> Task brief
The response should consist solely of the lines running from the line with "Фото отеля The" to the end of the data, retyped exactly.

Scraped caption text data
○ ○ ○ ○

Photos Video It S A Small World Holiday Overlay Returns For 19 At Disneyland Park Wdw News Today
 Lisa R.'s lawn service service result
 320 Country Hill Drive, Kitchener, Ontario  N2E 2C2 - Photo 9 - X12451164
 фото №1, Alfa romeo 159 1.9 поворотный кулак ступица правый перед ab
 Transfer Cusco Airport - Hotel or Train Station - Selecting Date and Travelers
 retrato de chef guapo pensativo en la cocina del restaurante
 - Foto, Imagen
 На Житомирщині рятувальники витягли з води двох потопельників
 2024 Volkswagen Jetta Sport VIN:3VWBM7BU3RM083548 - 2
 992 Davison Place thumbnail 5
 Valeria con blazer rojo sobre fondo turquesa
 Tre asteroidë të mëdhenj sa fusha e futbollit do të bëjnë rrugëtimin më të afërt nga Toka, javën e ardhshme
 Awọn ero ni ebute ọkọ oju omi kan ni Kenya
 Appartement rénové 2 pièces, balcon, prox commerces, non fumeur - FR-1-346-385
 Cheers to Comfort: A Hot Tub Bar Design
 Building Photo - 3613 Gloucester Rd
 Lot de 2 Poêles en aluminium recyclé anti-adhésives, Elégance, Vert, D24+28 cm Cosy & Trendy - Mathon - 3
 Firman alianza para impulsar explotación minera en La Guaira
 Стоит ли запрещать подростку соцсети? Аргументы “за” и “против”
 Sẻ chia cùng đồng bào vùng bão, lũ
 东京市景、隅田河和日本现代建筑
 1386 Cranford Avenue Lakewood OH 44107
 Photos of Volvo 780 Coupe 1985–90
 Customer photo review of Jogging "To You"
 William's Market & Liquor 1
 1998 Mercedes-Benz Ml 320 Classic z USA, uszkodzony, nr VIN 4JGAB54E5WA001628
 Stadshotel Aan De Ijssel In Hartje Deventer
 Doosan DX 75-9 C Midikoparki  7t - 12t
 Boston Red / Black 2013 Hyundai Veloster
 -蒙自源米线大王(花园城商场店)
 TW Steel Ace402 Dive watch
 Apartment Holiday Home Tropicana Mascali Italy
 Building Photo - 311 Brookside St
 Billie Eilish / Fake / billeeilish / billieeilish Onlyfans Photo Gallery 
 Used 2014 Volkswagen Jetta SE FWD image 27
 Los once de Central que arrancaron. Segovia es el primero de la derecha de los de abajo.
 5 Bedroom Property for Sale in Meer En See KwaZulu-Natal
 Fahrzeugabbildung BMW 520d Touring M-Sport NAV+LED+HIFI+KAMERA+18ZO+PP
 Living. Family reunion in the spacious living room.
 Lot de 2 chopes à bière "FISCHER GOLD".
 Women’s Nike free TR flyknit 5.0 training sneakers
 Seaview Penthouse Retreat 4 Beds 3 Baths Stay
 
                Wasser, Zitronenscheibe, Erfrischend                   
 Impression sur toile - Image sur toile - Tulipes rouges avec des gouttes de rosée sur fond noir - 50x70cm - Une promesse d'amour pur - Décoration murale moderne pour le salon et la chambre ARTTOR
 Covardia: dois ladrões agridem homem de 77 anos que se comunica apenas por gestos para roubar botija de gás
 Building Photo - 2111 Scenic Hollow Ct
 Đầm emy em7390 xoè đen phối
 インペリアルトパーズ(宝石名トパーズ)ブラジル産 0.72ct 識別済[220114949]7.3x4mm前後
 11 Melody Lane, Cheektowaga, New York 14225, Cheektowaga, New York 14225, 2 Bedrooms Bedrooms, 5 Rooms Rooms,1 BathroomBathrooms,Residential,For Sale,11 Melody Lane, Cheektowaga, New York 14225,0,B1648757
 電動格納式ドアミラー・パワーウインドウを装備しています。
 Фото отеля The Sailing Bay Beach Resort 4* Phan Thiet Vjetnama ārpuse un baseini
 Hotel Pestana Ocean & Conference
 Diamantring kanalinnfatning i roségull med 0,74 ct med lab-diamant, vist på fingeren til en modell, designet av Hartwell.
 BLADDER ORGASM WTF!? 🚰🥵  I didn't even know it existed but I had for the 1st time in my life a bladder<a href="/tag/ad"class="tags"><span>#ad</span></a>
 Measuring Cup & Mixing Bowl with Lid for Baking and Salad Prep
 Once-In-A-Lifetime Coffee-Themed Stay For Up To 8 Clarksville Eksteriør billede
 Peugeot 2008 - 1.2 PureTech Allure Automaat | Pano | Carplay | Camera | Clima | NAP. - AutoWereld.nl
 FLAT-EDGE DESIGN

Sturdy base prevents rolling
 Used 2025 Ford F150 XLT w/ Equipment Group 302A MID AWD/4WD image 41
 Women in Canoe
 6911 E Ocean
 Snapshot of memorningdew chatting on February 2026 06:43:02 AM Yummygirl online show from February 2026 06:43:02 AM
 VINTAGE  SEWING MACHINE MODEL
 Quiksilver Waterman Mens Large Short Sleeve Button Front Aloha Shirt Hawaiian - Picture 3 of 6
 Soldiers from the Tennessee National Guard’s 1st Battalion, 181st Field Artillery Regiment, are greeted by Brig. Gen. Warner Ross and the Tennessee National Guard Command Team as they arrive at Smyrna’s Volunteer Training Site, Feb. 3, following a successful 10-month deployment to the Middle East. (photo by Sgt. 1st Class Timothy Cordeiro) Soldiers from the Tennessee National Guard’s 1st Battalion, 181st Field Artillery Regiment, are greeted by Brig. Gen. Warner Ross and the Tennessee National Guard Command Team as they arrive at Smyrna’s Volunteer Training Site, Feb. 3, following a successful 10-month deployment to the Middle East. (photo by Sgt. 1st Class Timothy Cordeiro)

○ ○ ○ ○

> Task answer
 Фото отеля The Sailing Bay Beach Resort 4* Phan Thiet Vjetnama ārpuse un baseini
 Hotel Pestana Ocean & Conference
 Diamantring kanalinnfatning i roségull med 0,74 ct med lab-diamant, vist på fingeren til en modell, designet av Hartwell.
 BLADDER ORGASM WTF!? 🚰🥵  I didn't even know it existed but I had for the 1st time in my life a bladder<a href="/tag/ad"class="tags"><span>#ad</span></a>
 Measuring Cup & Mixing Bowl with Lid for Baking and Salad Prep
 Once-In-A-Lifetime Coffee-Themed Stay For Up To 8 Clarksville Eksteriør billede
 Peugeot 2008 - 1.2 PureTech Allure Automaat | Pano | Carplay | Camera | Clima | NAP. - AutoWereld.nl
 FLAT-EDGE DESIGN

Sturdy base prevents rolling
 Used 2025 Ford F150 XLT w/ Equipment Group 302A MID AWD/4WD image 41
 Women in Canoe
 6911 E Ocean
 Snapshot of memorningdew chatting on February 2026 06:43:02 AM Yummygirl online show from February 2026 06:43:02 AM
 VINTAGE  SEWING MACHINE MODEL
 Quiksilver Waterman Mens Large Short Sleeve Button Front Aloha Shirt Hawaiian - Picture 3 of 6
 Soldiers from the Tennessee National Guard’s 1st Battalion, 181st Field Artillery Regiment, are greeted by Brig. Gen. Warner Ross and the Tennessee National Guard Command Team as they arrive at Smyrna’s Volunteer Training Site, Feb. 3, following a successful 10-month deployment to the Middle East. (photo by Sgt. 1st Class Timothy Cordeiro) Soldiers from the Tennessee National Guard’s 1st Battalion, 181st Field Artillery Regiment, are greeted by Brig. Gen. Warner Ross and the Tennessee National Guard Command Team as they arrive at Smyrna’s Volunteer Training Site, Feb. 3, following a successful 10-month deployment to the Middle East. (photo by Sgt. 1st Class Timothy Cordeiro)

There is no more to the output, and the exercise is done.